1981: Eclipse, the Magazine

Eclipse, the Magazine (1981) #1-8 edited by Dean Mullaney

This is Eclipse Comics’ first periodical: The Eclipse magazine (although it’s just called “Eclipse”).

The editor (and co-owner of Eclipse Enterprises) Dean Mullaney explains what the anthology is going to be about without saying “it’s like Heavy Metal and Epic Illustrated, but in black and white and on cheaper paper”. Marshall Rogers was apparently central in herding artists to the magazine.

(To digress a bit, I had almost forgotten that “portfolios” was a big thing in the late 70s/early 80s. I think I just bought one as a child (from Bud Plant), and was a bit perplexed when I got it: “Just a bunch of drawings? Huh?!? What’s the point of that!” It must have been the general response of the non-hippie population, too, because they petered out as a category…)

Anyway! The magazine: We basically get everybody who’s already been involved with Eclipse so far, so it’s dominated by ex-Marvel creators. Here we have an early Foozle story presented as “the first half of a 19 page story”… but then we get all 19 pages in this issue. Perhaps production was a bit hurried? I dunno.

It’s an entertaining piece of sf action humour fluff, but lines like that makes me wonder whether there’s been any previous Foozle strips. A quick google gives me nothing.

But apart from the wall-to-wall ex-Marvelites, we also get a wonderful short strip by Howard Cruse! How incongruous!

After reading that panel, I had to check. *phew* Still OK.

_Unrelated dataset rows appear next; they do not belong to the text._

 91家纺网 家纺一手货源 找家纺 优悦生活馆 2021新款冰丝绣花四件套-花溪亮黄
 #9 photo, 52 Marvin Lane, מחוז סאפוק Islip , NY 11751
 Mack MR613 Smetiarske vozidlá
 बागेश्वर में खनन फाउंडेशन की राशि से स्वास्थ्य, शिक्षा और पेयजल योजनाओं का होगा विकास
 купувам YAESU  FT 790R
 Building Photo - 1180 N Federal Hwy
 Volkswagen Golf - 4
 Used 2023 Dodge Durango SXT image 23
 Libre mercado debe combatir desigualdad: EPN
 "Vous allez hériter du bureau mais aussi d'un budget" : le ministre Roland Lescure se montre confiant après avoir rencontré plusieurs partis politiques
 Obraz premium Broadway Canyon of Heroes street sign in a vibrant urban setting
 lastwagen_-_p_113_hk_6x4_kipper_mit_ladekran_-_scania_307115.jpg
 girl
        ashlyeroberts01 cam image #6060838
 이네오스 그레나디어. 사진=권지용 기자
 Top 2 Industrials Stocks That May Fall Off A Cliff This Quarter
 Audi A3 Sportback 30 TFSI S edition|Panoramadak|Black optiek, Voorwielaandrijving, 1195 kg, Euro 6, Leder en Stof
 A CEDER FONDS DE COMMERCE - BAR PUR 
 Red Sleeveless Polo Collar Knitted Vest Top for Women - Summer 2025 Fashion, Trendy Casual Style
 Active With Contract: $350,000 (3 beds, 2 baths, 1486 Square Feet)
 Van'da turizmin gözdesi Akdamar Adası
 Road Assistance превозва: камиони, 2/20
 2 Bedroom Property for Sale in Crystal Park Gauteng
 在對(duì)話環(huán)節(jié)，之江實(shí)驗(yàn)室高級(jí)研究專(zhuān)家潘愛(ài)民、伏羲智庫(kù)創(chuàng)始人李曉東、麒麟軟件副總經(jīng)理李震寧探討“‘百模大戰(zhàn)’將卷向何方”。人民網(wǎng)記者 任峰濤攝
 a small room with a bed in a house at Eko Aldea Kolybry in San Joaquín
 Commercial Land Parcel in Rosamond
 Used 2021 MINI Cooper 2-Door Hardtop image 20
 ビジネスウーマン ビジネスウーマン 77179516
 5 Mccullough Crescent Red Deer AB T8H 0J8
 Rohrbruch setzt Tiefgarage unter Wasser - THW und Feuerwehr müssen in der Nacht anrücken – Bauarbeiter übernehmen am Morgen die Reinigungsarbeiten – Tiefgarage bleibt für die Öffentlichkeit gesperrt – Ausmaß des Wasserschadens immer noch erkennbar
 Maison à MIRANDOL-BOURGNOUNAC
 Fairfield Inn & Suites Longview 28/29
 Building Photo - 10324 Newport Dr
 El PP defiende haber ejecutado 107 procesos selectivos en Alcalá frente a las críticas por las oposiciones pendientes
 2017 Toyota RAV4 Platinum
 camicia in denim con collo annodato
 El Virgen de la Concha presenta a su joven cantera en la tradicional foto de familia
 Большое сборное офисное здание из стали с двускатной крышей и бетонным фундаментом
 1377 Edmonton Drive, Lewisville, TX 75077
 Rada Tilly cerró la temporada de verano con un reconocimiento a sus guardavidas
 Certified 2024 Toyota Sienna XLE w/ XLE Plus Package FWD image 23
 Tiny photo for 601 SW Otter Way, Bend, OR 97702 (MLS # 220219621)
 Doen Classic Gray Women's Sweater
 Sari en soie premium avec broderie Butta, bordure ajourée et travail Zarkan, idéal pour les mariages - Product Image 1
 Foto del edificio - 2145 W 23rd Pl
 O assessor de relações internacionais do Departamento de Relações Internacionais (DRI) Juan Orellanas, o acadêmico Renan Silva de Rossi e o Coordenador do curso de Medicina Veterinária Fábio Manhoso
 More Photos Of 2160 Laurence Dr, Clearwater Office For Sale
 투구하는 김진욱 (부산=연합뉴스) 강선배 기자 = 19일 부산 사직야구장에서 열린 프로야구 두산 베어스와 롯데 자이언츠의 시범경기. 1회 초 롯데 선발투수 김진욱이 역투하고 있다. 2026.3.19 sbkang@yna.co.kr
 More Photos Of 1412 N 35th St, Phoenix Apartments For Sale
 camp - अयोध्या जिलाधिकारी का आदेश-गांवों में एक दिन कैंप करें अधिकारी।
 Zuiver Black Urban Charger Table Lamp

P. Craig Russell makes a reproduced-from-pencils appearance… which isn’t reproduced very well.

We also have the first Ms. Tree story by Max Allan Collins and Terry Beatty. I was expecting this to be really boring and corny (after reading that Mike Mist thing), and it turns out to be mostly just corny. It’s a competently told mystery. And the artwork is … there. See? It’s there.

I do have a compulsion to try to swipe that lock of hair off of her chin, though. I mostly resisted by trying to picture Beatty drawing those horrid bangs over and over and over… *feather* *feather* *feather*

Poor guy.

But what did the critics think?

Blockquoth Carter Scholz from The Comics Journal 65:

All seven of its features display, in some measure, the unconscious lapses of taste so common to this form. But each fails in a slightly different way, so the tedium that is usual in this kind of a production is somewhat mitigated. At least it is not the same error over and over.

I guess it’s a success!

See? The best selling first issue of an alternative comics magazine ever published. Of course, all other comics magazines have probably not been true alternative comics magazines (or Scotsmen).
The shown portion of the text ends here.